Ese alguien llegó al espigón y
detuvo sus pasos. Eran más de las doce, más de la una. Ya no había
nadie allí; quedaban, más lejos, algunas personas rezagadas en la
playa. Se sentó en el suelo, tiznándose de arena, y miró hacia
arriba, por inercia, aunque sabía que el viento viene de todas
partes. “Espera”, pensaba, con una sensación dulce en la lengua,
como un ligero sabor a amontillado. La noche estaba calmada. Nada se
movía; el agua corría en flujos armónicos, sin tropezar. Ese
alguien se entretuvo persiguiendo las costuras de la ropa que había
decidido vestir para su cita. Una ropa sobria, quizás definitiva.
¿Definitiva para qué? Para su encuentro, al que había destinado
las fantasías de los últimos tiempos.
Porque ese alguien deseaba al
viento. Su roce impersonal, un poco frío. Su modo de empujar los
cuerpos y las telas, los objetos. Había imaginado cada sacudida, en
una especie de viaje tumultuoso en el cual ese alguien, como una
marioneta suspendida de los hilos, sería arrastrad (…), llevad (…)
a algún lugar y a otro lugar, al fin. Al fin.

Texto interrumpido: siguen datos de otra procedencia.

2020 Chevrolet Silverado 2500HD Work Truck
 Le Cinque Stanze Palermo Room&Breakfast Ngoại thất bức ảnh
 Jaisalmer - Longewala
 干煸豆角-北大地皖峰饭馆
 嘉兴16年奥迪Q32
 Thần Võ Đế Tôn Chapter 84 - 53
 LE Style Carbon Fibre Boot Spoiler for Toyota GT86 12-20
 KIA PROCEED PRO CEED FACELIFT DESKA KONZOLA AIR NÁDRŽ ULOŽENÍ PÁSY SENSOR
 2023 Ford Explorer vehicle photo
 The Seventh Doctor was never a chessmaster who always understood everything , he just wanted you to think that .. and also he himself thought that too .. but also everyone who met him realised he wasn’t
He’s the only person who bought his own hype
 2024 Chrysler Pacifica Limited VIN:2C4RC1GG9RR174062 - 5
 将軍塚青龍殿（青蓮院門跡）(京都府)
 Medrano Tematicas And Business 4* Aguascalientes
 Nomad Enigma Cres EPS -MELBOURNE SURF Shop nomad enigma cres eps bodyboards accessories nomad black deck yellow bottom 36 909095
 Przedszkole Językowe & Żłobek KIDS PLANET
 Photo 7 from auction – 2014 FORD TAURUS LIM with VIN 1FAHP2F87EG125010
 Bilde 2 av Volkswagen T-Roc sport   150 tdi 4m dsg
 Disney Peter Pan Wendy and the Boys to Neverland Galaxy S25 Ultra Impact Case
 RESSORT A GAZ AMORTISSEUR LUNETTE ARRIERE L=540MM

Parecía hermoso, ¿verdad? Aunque
se tratara de un atentado contra la lógica. Si el viento hubiera
llegado en ese momento, como si el viento pudiera llegar, ese alguien
hubiera, sin duda, recordado los versos de Pessoa, es decir, de
Alberto Caeiro: “solo por oír pasar el viento vale la pena haber
nacido”. Tan leve. Tan piadoso. Un silbido cristalino, silbido de
los cristales chocando con el propio cuerpo, la propia ¿alma?
avellanada.
Pero el viento…¿llegó o no
llegó? Debió llegar, aun en su forma simulada, falsa, compasiva. La
forma en que las cosas se disfrazan para calmar la angustia de quien
espera. Y ese alguien esperaba, esperaba. Con los versos de Caeiro,
es decir, de Pessoa, preparados en la memoria. En el espigón,
restringid(…) y livian(…), sin oponer resistencia, “como un
perro”, exactamente igual que un perro, como murió Joseph K. Como
tú querrías morir. Descampad(…) ya, ese alguien, clavándose en
el suelo, percibía, muy despacio, cómo empezaba a soltarse, cómo y
por qué, en su plácida crueldad, desaparece el mundo.